Propelled in large part by rock-bottom interest rates for mortgages, the homeownership rate in the Austin area has skyrocketed.
An August 12 report from the Texas A&M Real Estate Center shows the homeownership rate in Austin hit 65.3 percent in the second quarter of this year. That’s up from 59.4 percent in the first quarter of 2020 and represents the steepest climb in homeownership among Texas cities.
Since the real estate center began tracking Austin’s homeownership rate in 1996, the highest rate was 69.3 percent, seen in the third quarter of 2006; the lowest rate was 49.2 percent in the fourth quarter of 1996.
The upward trend mirrors what's happening statewide. In June, Texas' homeownership rate hit a new high mark.
According to the report, a record 67.5 percent of Texans owned their homes in the second quarter of this year, up from 64.5 percent in the first quarter and from the record low of 60.8 percent in the fourth quarter of 1997.
“Despite falling sales in April and May, Texas’ second-quarter homeownership rate was the highest since record keeping began in 1996. Texas now lags the national rate by only half a percent, the smallest in eight years,” James Gaines, the center’s chief economist, says in an August 12 release.

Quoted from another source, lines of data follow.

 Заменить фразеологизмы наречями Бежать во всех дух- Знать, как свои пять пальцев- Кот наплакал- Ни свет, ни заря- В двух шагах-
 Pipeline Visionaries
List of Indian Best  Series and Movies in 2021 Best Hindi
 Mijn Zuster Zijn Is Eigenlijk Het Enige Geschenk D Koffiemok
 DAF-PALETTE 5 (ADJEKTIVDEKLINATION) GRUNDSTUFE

Here's how the numbers break down in the state's other large cities:
In the second quarter of 2020, the Houston metro area experienced its highest homeownership rate since the center started recording the regional rate in 2005. The area’s homeownership rate was 68.2 percent in the second quarter of this year, up from 65.5 percent in the previous quarter and up from a low of 57.6 percent in the fourth quarter of 2017.

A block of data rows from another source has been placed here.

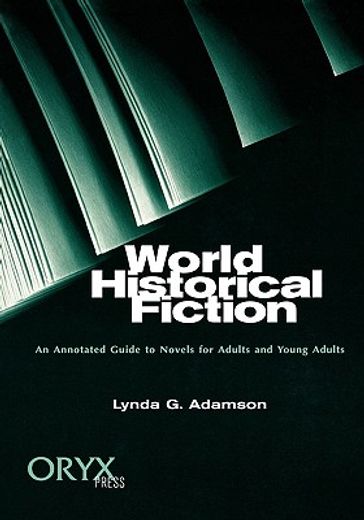 world historical fiction,an annotated guide to novels for adults and young adults
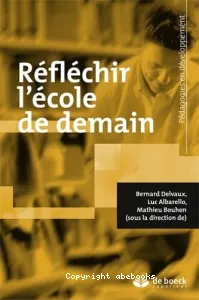 Réfléchir l'école de demain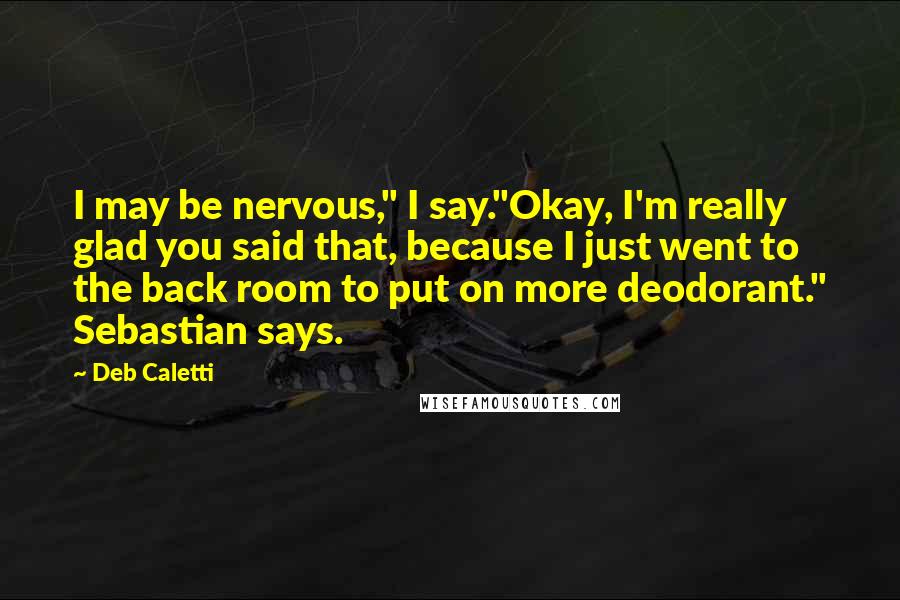 Deb Caletti Quotes: I may be nervous," I say."Okay, I'm really glad you said that, because I just went to the back room to put on more deodorant." Sebastian says.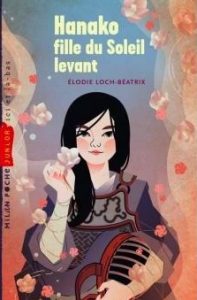 Elodie Loch-Beatrix - Hanako, fille du Soleil levant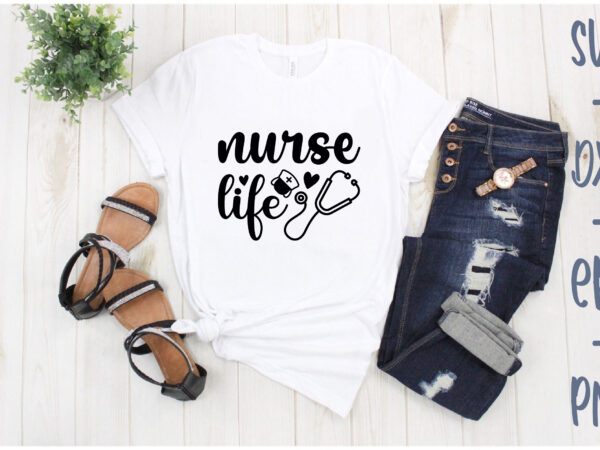 Nurse life T shirt vector artwork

Dallas-Fort Worth hit 64.7 percent in the second quarter of this year. That’s up from 62.7 percent in the first quarter of 2020 and slightly below the high mark of 65 percent in the first quarter of 2010. The real estate center started tracking DFW’s homeownership rate in 2005.

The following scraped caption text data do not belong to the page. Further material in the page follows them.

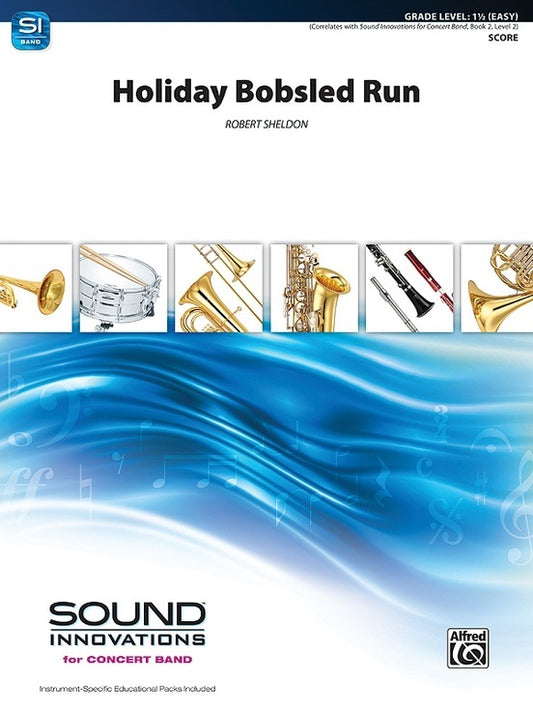 Holiday Bobsled Run Concert Band Gr 1.5
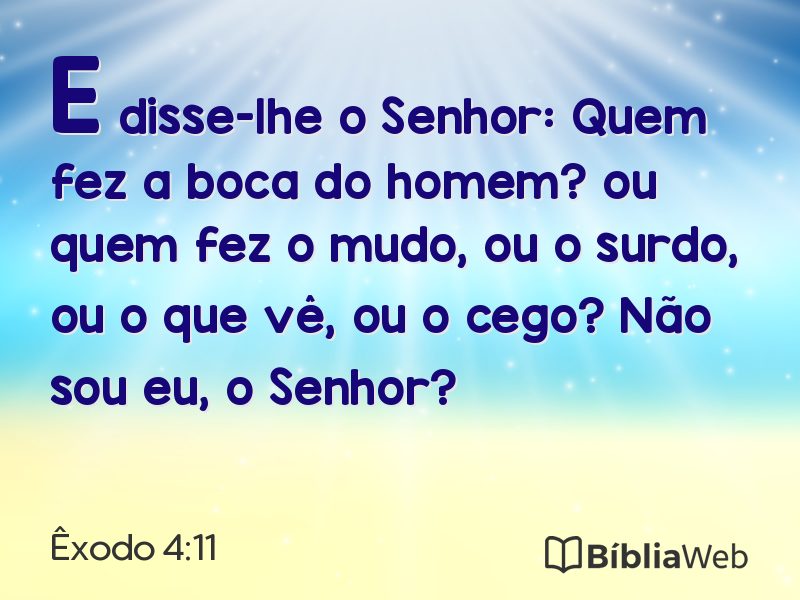 Êxodo 4:11 em imagem para compartilhar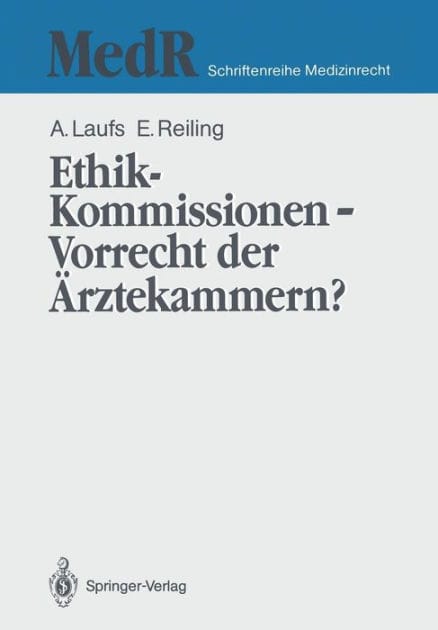 Ethik-Kommissionen - Vorrecht der �rztekammern?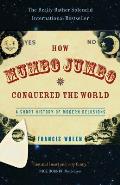 How Mumbo Jumbo Conquered the World A Short History of Modern Delusions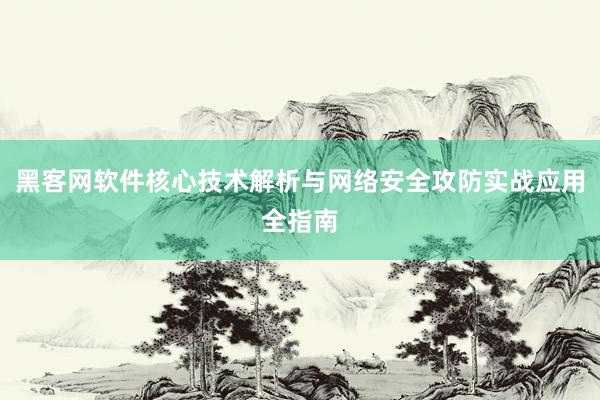 黑客网软件核心技术解析与网络安全攻防实战应用全指南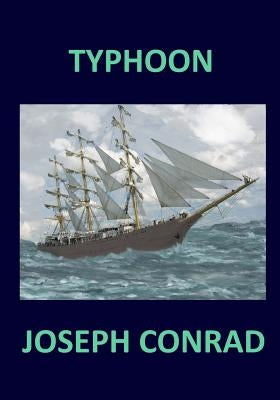 TYPHOON Joseph Conrad by Conrad, Joseph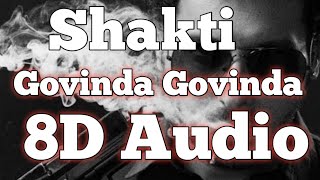 Shakti govinda govinda ||8D Audio|| full song_||sarkar 3 ||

In the San Antonio area, the second-quarter homeownership rate was sandwiched between its highest-ever and lowest-ever rates since 1996. The rate for this year’s second quarter stood at 66.2 percent, up from 66 percent in the previous quarter. Since 1996, the highest rate was 76 percent the fourth quarter of 2004 and the lowest rate was 56.3 percent in the first quarter of 1996.
Spikes in homeownership rates across the state’s four major metro areas came despite a recent jump in median sale prices. Real estate platform Zillow reports that as of the end of June, the median sale price of a single-family home was:
$342,345 in Austin, up 3.7 percent from the same time a year ago.
$289,000 in DFW, up 2.3 percent from the same time a year ago.
$256,400 in Houston, up 1.7 percent from the same time a year ago.
$246,753 in San Antonio, up 3.8 percent from the same time a year ago.
Gaines says pent-up demand and record-low mortgage rates pushed statewide home sales up 29.4 percent in June.
“Texas homes are selling at a record pace. A dwindling supply of active listings and a resurgence in home sales pulled Texas’ months of inventory down to an all-time low of 2.8 months,” according to the real estate center’s report.